SUPPLIED INFORMATION:
○ ○ ○ ○
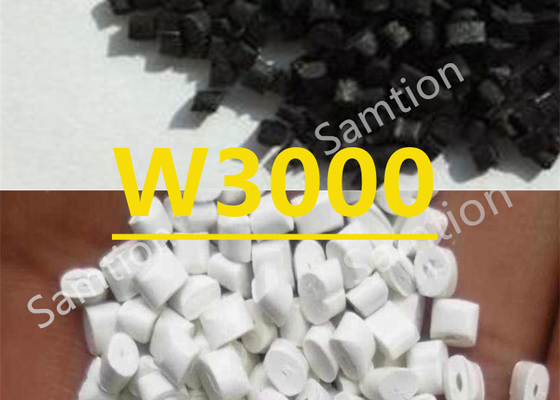 S-Plastic Verton W3000 ist eine auf Polybutylenterephalatharz basierende Verbindung, die Anti-Static enthält.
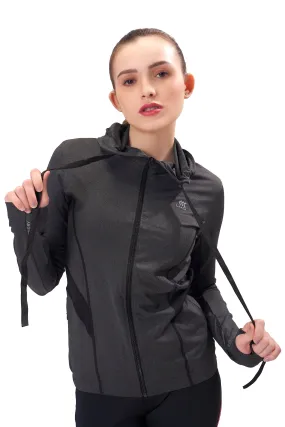 HIGH-PERFORMANCE WOMEN ACTIVEWEAR JACKET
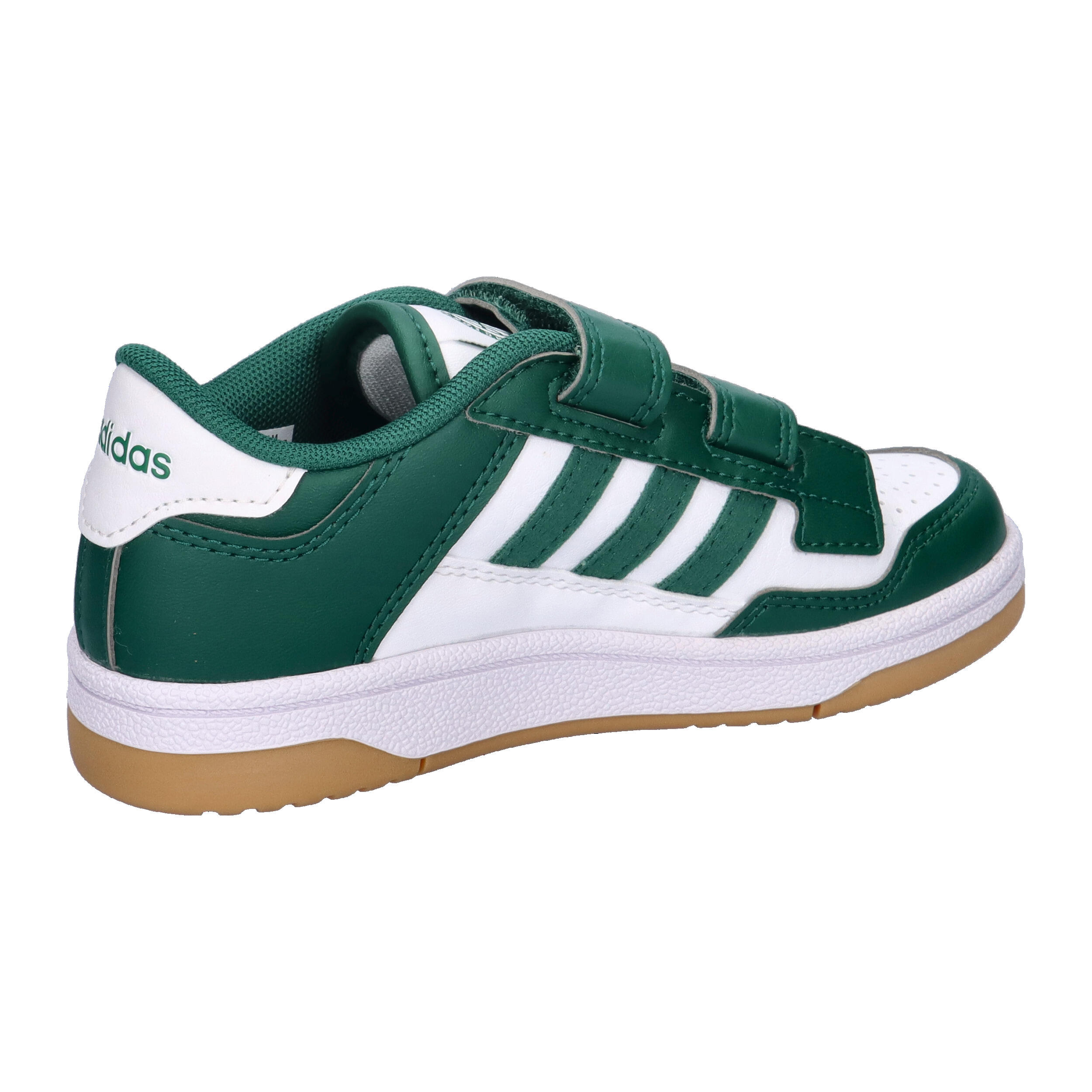 Sneaker Adidas Rapid Court CF C Bambini - Tennis Verde 6/10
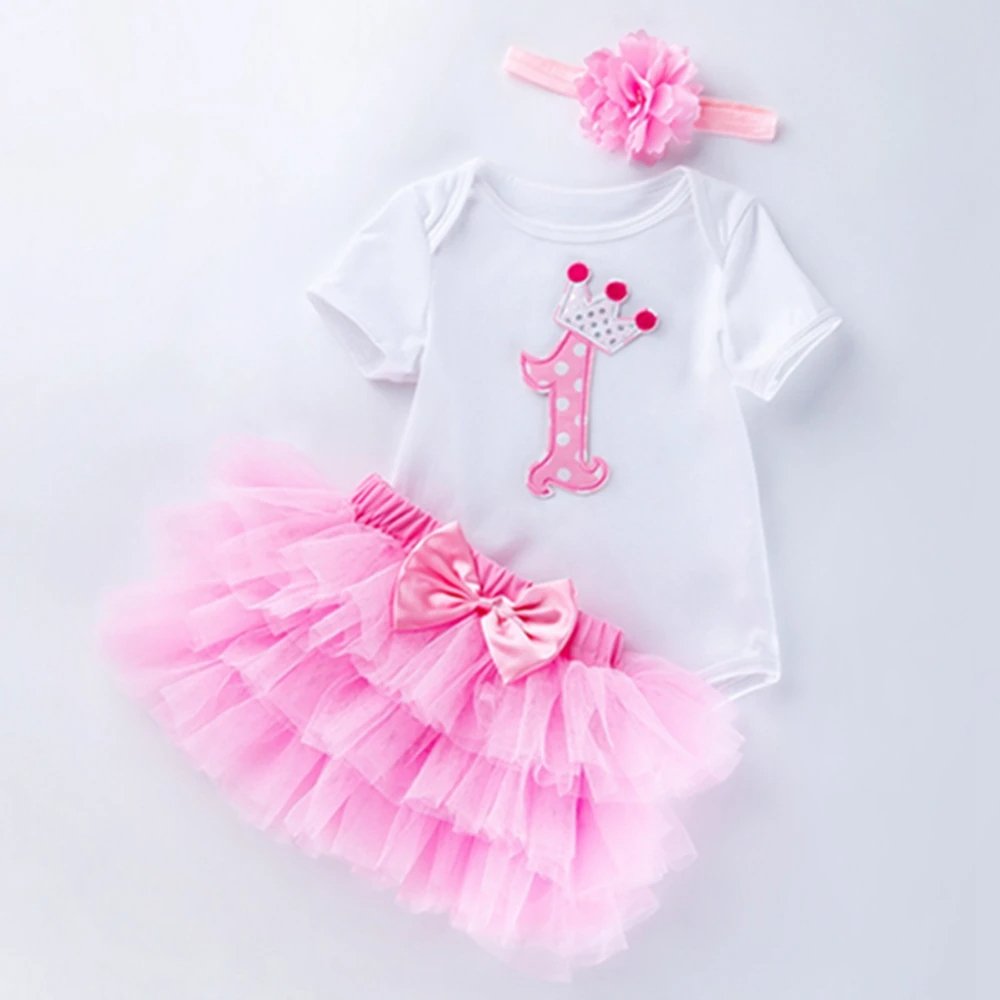 Tutu Baby Birthday Set Short S - Baby Clothing Online 评论和价格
○ ○ ○ ○
YOUR OBJECTIVE:
Please produce an exact copy of all the material, leaving out the pictures.

EXERCISE OUTPUT:
 S-Plastic Verton W3000 ist eine auf Polybutylenterephalatharz basierende Verbindung, die Anti-Static enthält.
 HIGH-PERFORMANCE WOMEN ACTIVEWEAR JACKET
 Sneaker Adidas Rapid Court CF C Bambini - Tennis Verde 6/10
 Tutu Baby Birthday Set Short S - Baby Clothing Online 评论和价格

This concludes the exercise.